### What you are asked to do
Your answer must be an exact copy of the entries below, with every picture removed.

### Dataset extract

▼

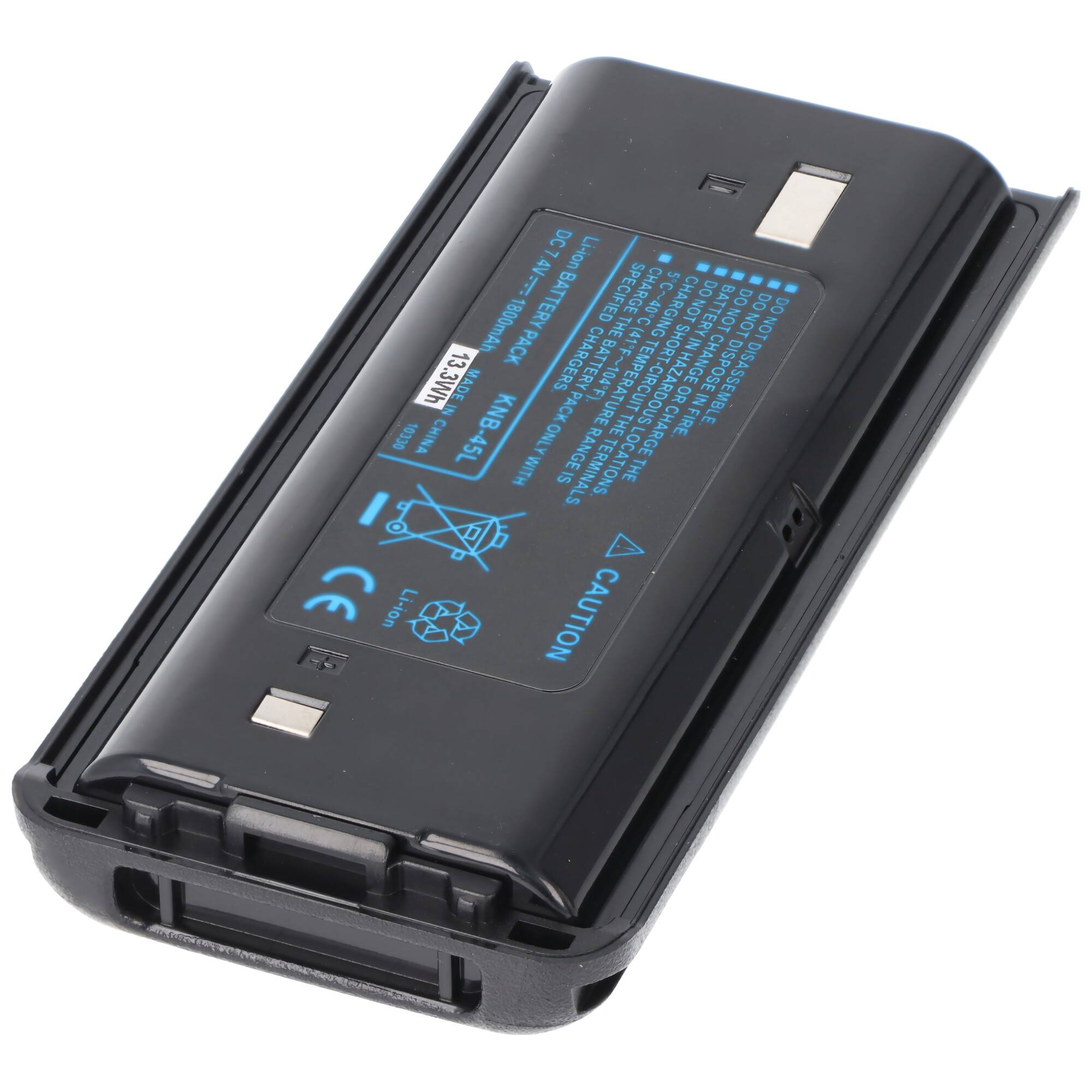 Eine schwarze aufladbare Lithium-Ionen-Batterie mit Sicherheitssymbolen und Handhabungsanweisungen auf einem blauen Etikett gedruckt.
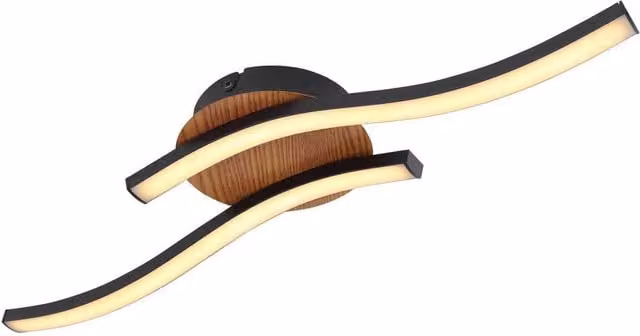 Netlighting Evita Integrated LED Semi Flush Ceiling Light in Black and Wood with Warm White 3000K Light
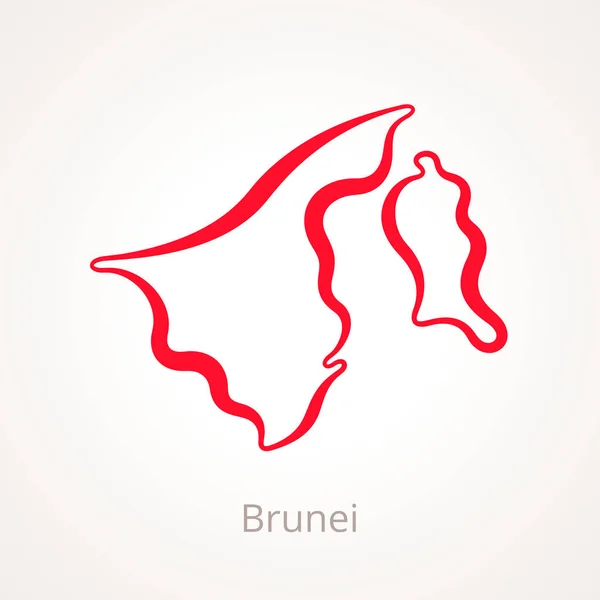 Brunei - Mapa do esboço — Vetor de Stock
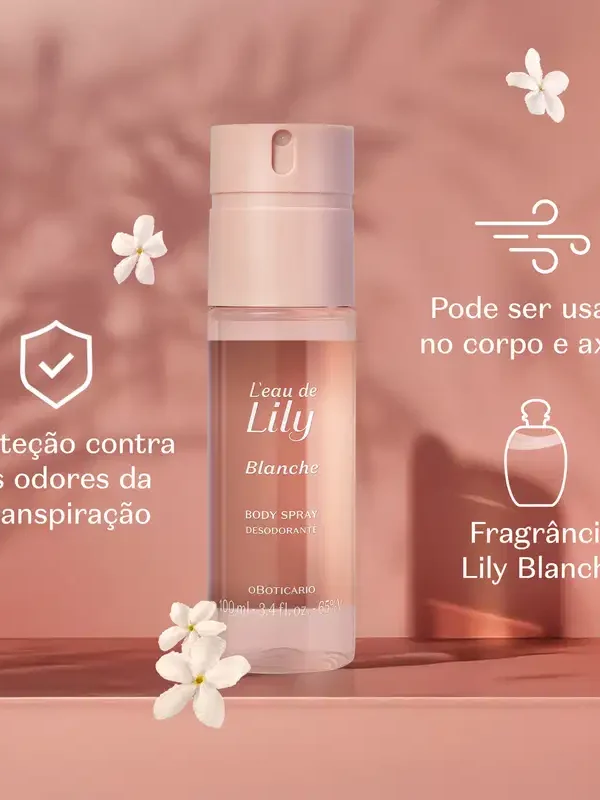 Body Spray Desodorante L'eau de Lily Blanche 100ml -oBoticario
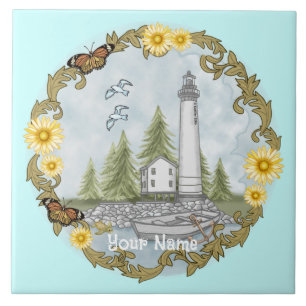 De Cerâmica Floral Alabama Lighthouse azulejo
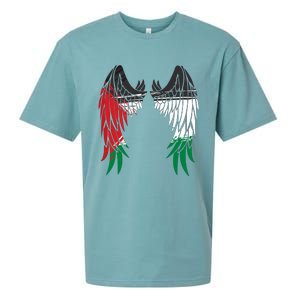 Palestine Flag Dad On Back Side Palestinian Angel Wings Sueded Cloud Jersey T-Shirt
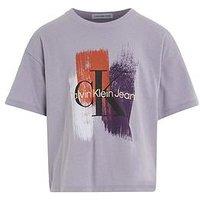 Calvin Klein Jeans Calvin Klein Girls Brush Stroke Monogram T-Shirt - Lavender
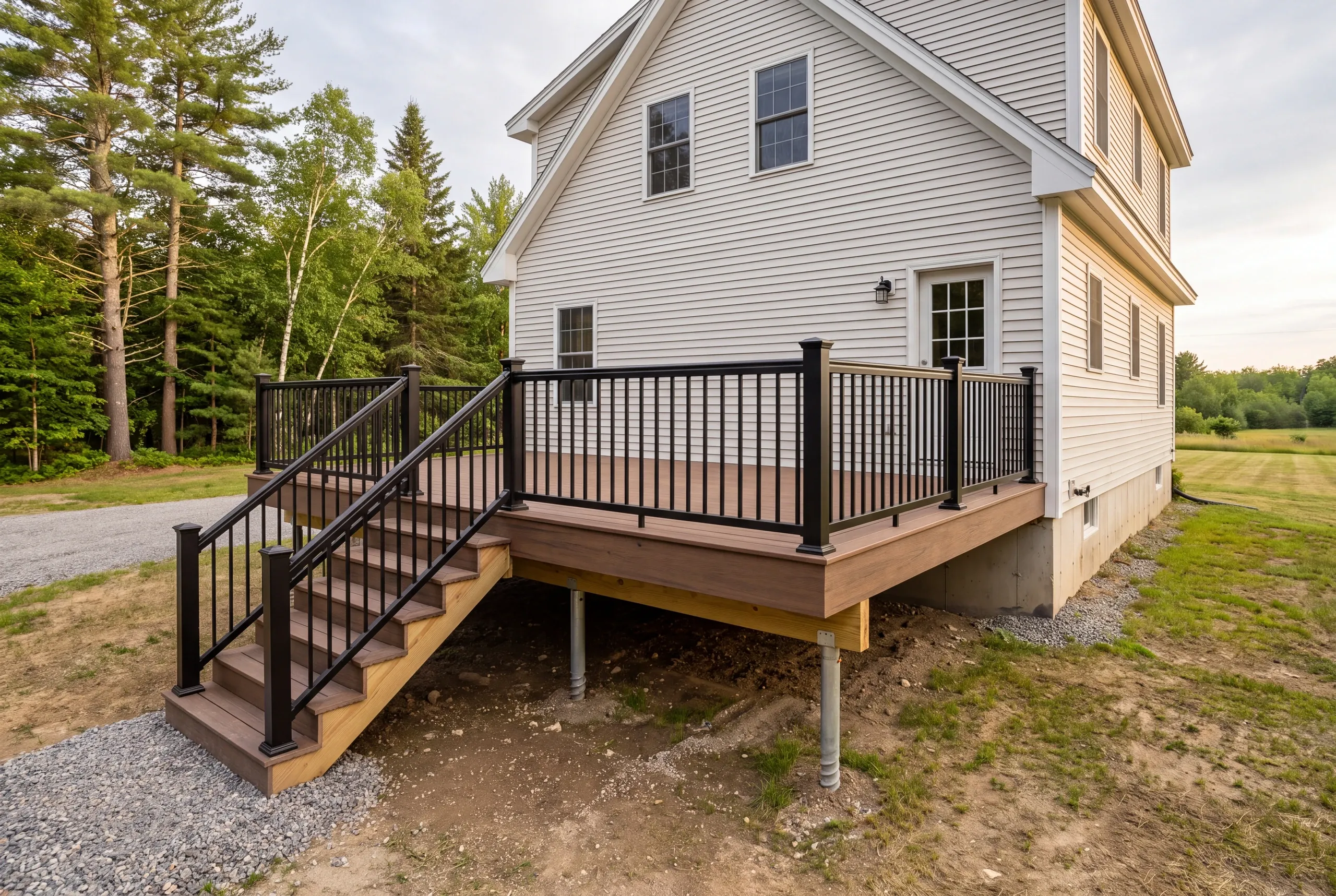 Composite deck with wide stairs on a rural Vassalboro, Maine lot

▲

### Task answer
 Eine schwarze aufladbare Lithium-Ionen-Batterie mit Sicherheitssymbolen und Handhabungsanweisungen auf einem blauen Etikett gedruckt.
 Netlighting Evita Integrated LED Semi Flush Ceiling Light in Black and Wood with Warm White 3000K Light
 Brunei - Mapa do esboço — Vetor de Stock
 Body Spray Desodorante L'eau de Lily Blanche 100ml -oBoticario
 De Cerâmica Floral Alabama Lighthouse azulejo
 Palestine Flag Dad On Back Side Palestinian Angel Wings Sueded Cloud Jersey T-Shirt
 Calvin Klein Jeans Calvin Klein Girls Brush Stroke Monogram T-Shirt - Lavender
 Composite deck with wide stairs on a rural Vassalboro, Maine lot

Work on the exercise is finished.